「明也、もっと喜べよ」ケヴィンが明也に抱きついて言った。「Phantom through、凄い技だな」ケヴィンは、何度も見たプレーだったが、感心している。明也が両手を挙げてスタンドに感謝の合図を送るとスタンドのグーナー達は、「Phantom through again」を連呼している。明也は、照れ臭そうにポジションに戻っていく。
ゲームは、アーセナルに先制点が入っただけだが、この1点がアーセナルに落ち着きと精神的な安定をもたらす。スコアレスの不安はアーセナルの選手から消えて、ハマーズを追い詰める。決定機がゴールに繋がっていく。前半に2点を加えたアーセナルは、ゲームを決めてしまう。3点目のゴールは、明也のドリブルからPhantom throughのドリブル突破からキーパーまで抜いた6人抜きだった。
スタンドの歓声は、後半も休みなく続いた。アーセナルの攻撃は、嵐の様にハマーズを襲った。

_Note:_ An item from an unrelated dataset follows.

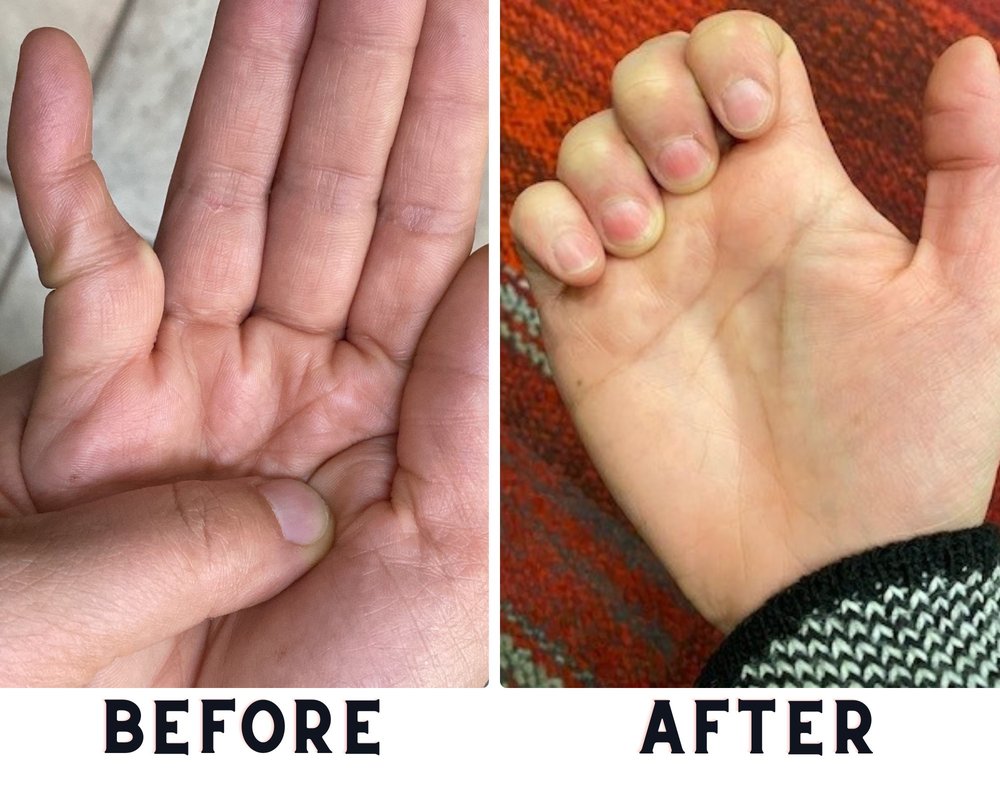 WASHINGTON HAND THERAPY KIRKLAND Updated October 2024 10 Reviews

明也とケヴィンが交互に得点して、後半は4つのゴール。ゲームは7対0となり、ハイベリーは、最後まで歓喜に包まれていた。
矢野明也狂騒曲と呼ばれたピッチ外の騒ぎは、ハイベリーのグーナー達によってアーセナルU−17チーム、そして矢野明也に落ち着きを取り戻させた。メディアの追っかけは続いていたが、グーナー達は日本のメディアから矢野明也を守る様になった。日本のメディアは直接インタビューの許可を受けられず、ぶら下がり取材をすることも出来なかった。
矢野明也本人のコメントは、動画と共にアーセナルのクラブサイトに載せられるようになった。日本でも、そして、九里ケ浜においても矢野明也のコメントは見ることができる。でもそれは、日本語のテロップの入った英語だった。九里ケ浜の人達は、矢野明也が遠い存在になってしまったことを悲しんでいた。

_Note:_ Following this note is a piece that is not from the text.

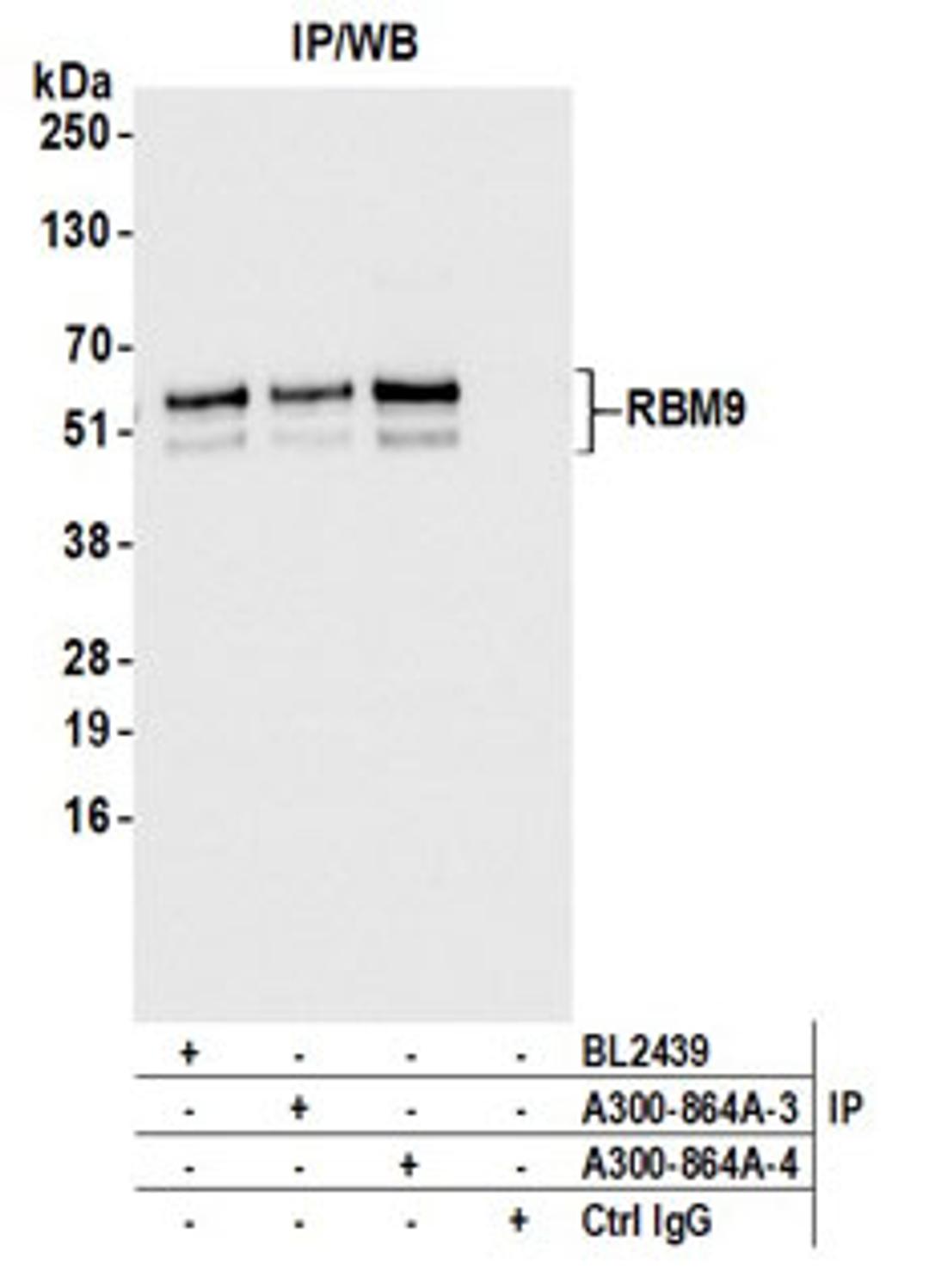 Detection of human RBM9 by western blot of immunoprecipitates.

「良、明也はもう日本人じゃなくなったんだ。ホワイトボーイズに帰ってくることは無いよ」真原仁は、今でも明也がホワイトボーイズに帰ってくると信じている天岡良に言った。
「帰って来るんだよ。明也は絶対帰って来るんだよ」天岡良は目を赤くして言った。
「明也のことは、そっとしておこうよ。僕も明也が帰ってくるような気がするよ。そして、ニューライジングサンのピッチでリフティングする姿が目に浮かぶんだ。明也のホームスタジアムは、ハイベリーじゃないよ。明也のホームは、このニューライジングサンだから」根元和が言った言葉は妙に二人を納得させていた。

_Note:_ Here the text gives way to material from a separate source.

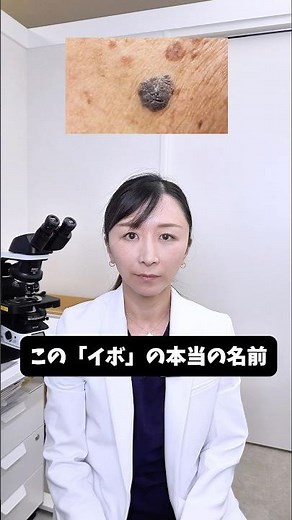 【皮膚科医が解説】この「イボ」の本当の名前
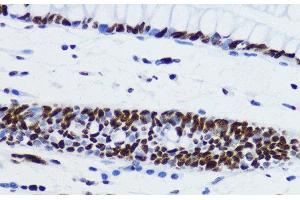 Immunohistochemistry of paraffin-embedded Human colon using Acetyl-Histone H2B-K12 Polyclonal Antibody at dilution of 1:200 (40x lens). (Histone H2B 抗体  (acLys12))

ロンドンの町も、九里ケ浜の町も少年たちの思いを包み込み時間が過ぎていく。
2076年、ホワイトボーイズの和、仁、良は同じ高校に進み、ホワイトボーイズU-16に上がった。ロンドンの矢野明也は、75-76シーズン後半戦に入っていた。75-76シーズンは、明也がユースチームに所属する最後の半年間となる。今年の誕生日、6月24日にプロ契約を結ぶことが決まっていたからだ。それでも明也は、自分のことよりリーグ戦に集中していた。矢野明也狂騒曲は依然続きていたが、日本のメディアとの接触を避けていたことで予想を超えた混乱もトラブルもなかった。
アーセナルU17チームは、リーグ戦前半を終えて17戦全勝。圧倒的な強さを誇っていた。折り返しとなる第18戦は、オールドトラッドフォードでのマンチェスターユナイテッド戦だった。
アンヘル・ジアブロが待っている「夢の劇場」、今度のアンヘルはどんな姿を見せるのか楽しみでもあり、恐ろしくもあった。
「明也、アンヘルは、俺が止めるから安心しろ」ケヴィンが言った。
「まかせたよ、ケヴィン」明也は笑って言った。